If you have any kind words that can help. Pls share.
your not a bad person you just made a few mistakes when you were young like all of us. the weird obsession you have with him is because he’s the one that “got away” you never got to the serious part of a relationship with him only the honeymoon phase.
You need to undestand that you don’t like him anymore but only the nostalgia gives you those feelings so your getting confused.
don’t ruin your good relationship because of a what if and no cheating is a choice and yes you can be loyal if you want to. You may not be able to control your feeling but as long as you don’t act on them your a good person
again Your Not I Love with this guy only an image/idea of him.
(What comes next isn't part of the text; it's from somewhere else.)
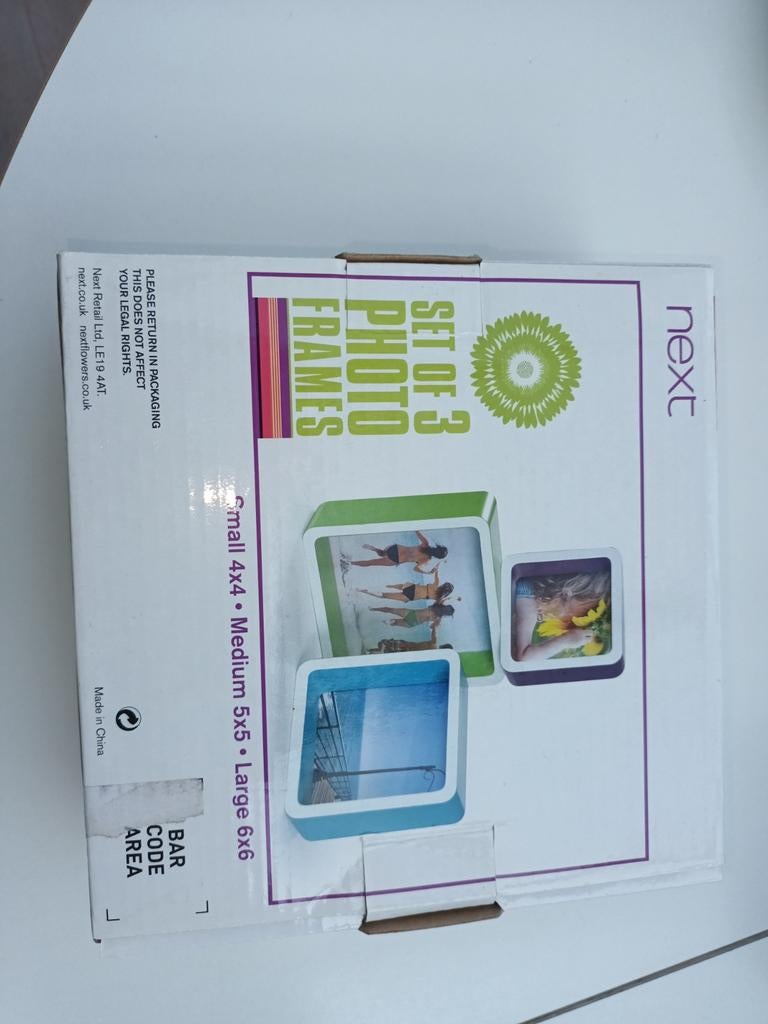 Fotokader 3 stuks nieuw, Enlèvement
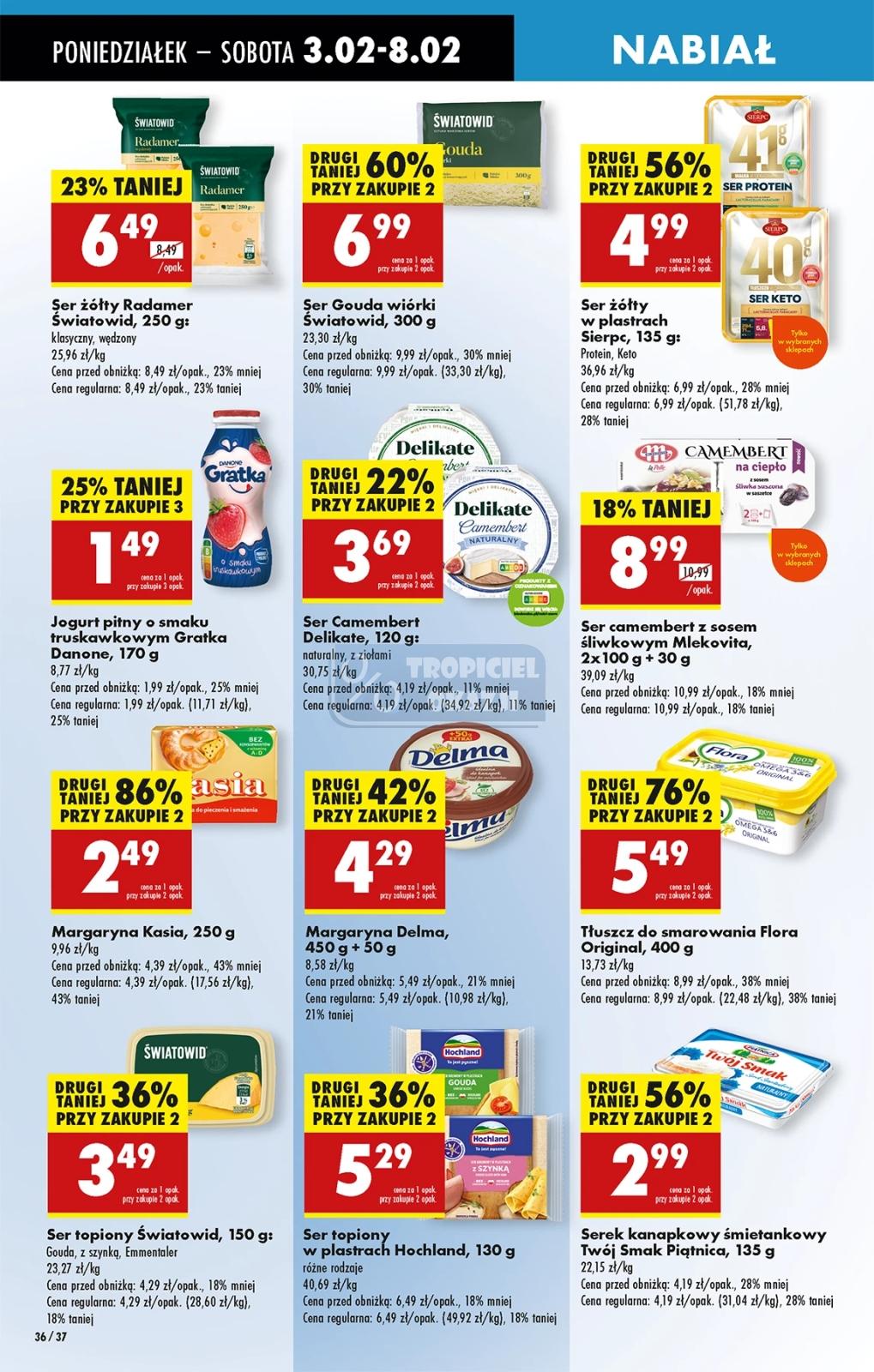 Gazetka promocyjna Biedronka str. 36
I totally acknowledge the fact that I don’t have feelings for him and it’s all nostalgia. You have described my current situation pretty well. It just scares the hell out of me coz in my heart I don’t wanna hurt anybody in any way but my actions were quite contradictory. I’m working on this self doubt situation. Tysm for your kind words
I’m glad I could help, past mistakes have made you the wiser person you are today, so put more trust in yourself and enjoy life. You’re not that same 16 year old.